Village in Maharashtra

Kurli is a village in Sindhudurg District, the south easternmost district of Konkan Division, Maharashtra, India. Kurli is located 7.9 km from its Taluk Main Town Vaibhavwadi. Kurli is 33.6 km from its District main city, Oras. It is 307 km from its State Main City Mumbai. This is a culturally and historically important village. Kurli consists of wadis like Temb Wadi, Khadakwadi, Bajarpeth. Also, it is famous because of the newly made Kurli dam.

==Nearby places==

=== Villages ===
- Ghonasari (3.5 km)
- Arule (4.2 km)
- Vaibhavwadi (5.6 km)
- Navale (5.8 km)
- Achirne (6.9 km)
- Phondaghat (10; km)

=== Towns ===
- Vaibhavwadi (7.9 km)
- Kankavali (20.8 km)
- Oras (37.3 km)
- Deogad (46.7 km)

Villages in the same Vaibhavwadi Taluka as Kurli are:
Vaibhavawadi, Achirne, Ainari, Akavanebhom, Gadmath, Het.

==Climate==

The climate of Kurli is warm and moderately humid. Average temperatures range between 16 and 33 °C while relative humidity ranges from 60 to 80%. The annual average rainfall, measured at Malvan, is 2275 mm.

==Transport==

===Rail and air===
The nearest railway stations are at Nandgaon/Kankavli/Vaibhavwadi on the Konkan Railway. The nearest airport is Dabolim Airport in Goa. Overnight trains from Mumbai to Kankavli run daily.

===Road===
Kurli is easily accessible by road and you can reach it by your own vehicle. By road, Malvan is 480 km away from Mumbai, 100 km from Kolhapur. When arriving from Mumbai or Goa, take National Highway NH-17 to Talere and then take a State Transport bus or rickshaw for an approximately 35 km ride to Phonda and take State Transport bus or rickshaw for Kurli.

- From Phonda
State Transport buses from Phonda are frequent to Kurli.

- From Pune (MSRTC)
Those who want to come from Pune, Best option is Maharashtra State Road Transport Corporation (MSRTC) bus from Pune - Malvan (via Kankavli). Bus Timings:
- 7:00 am (Express bus)
- 8:00 pm (Semi-luxury bus)
Note: There is no MSRTC Volvo (air-conditioned) bus from Pune to Malvan (via Kankavali)

- From Pune (KTC)
You can also go for Kadamba Transport Corporation buses which daily depart from Pune to Goa. You can get down at Phonda/Vaibhavadi/Kankavli and from there catch Kurli buses.
The timings are:
- Luxury (non-air-conditioned) 6:30pm (Pune - Madgaon)
- Volvo (air-conditioned) 7:30pm (Pune-Panaji)

- From Pune via Kasal
Also there are plenty of buses heading towards Goa from Pune which go via Kasal. If you do not get the direct bus from Pune, come to Kolhapur by any MSRTC or KSRTC bus. Kolhapur is the centre point for the buses heading towards Konkan, Goa. Buses coming from Pune as well as Sangli, Solapur and Bijapur have to go via Kolhapur to enter into Konkan.

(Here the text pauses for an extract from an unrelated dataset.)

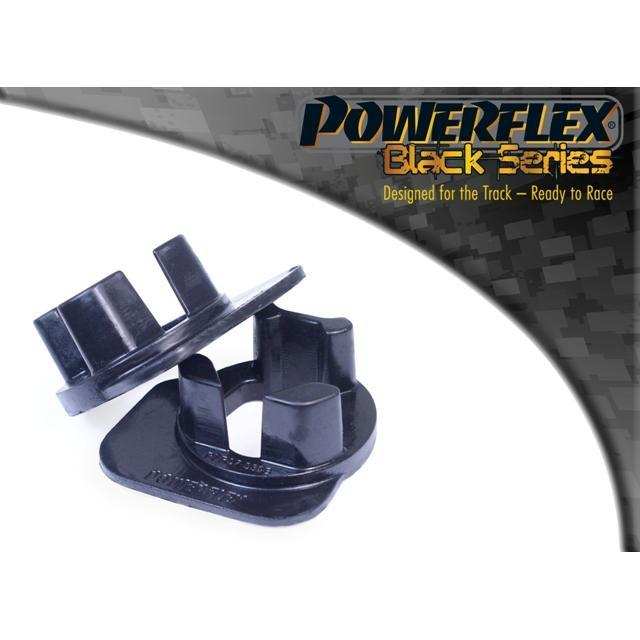 Powerflex Gearbox Front Mounting Bush Insert Kit - PFR57-530 - Performance HQ - United Kingdom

==People and demographics==

As of 2001 India census, Kurli had a population of 2,236. Males constitute 51% of the population and females 49%.

A number of Kurli emigrants return to their native place every year during the months of August, September and November to attend Ganeshotsav and 'Tipar Yatra'.

==Culture==
Kurli has its unique culture signified by its peculiar dialect and food. Kurli is a Konkani dialect, sometimes referred to as a mix of Marathi and Konkani. This dialect is very popular among the local population in Sindhudurg district and also parts of Ratnagiri and Northern Goa.

A very important part of Kurli culture is a Kurli Tipar Jatrostsav, (Lotangan Festival). All devotees visit every year to Kurla Devi, for celebrating Kurladevi Tipar Jatrostav (simply called a Tipar).

Kurladevi (Marathi: कुर्लादेवी ) is a Swayambhu Goddess, self-manifested in the village called Kurli. Swayambhu means "And He manifests on His own".

==Education==

There is a high school facility for the students till 10th Standard

==Wildlife Sanctuary==

There is a Sahyadri Mountain (Paschim Ghat)

Birds like Rhinoceros hornbill can be seen.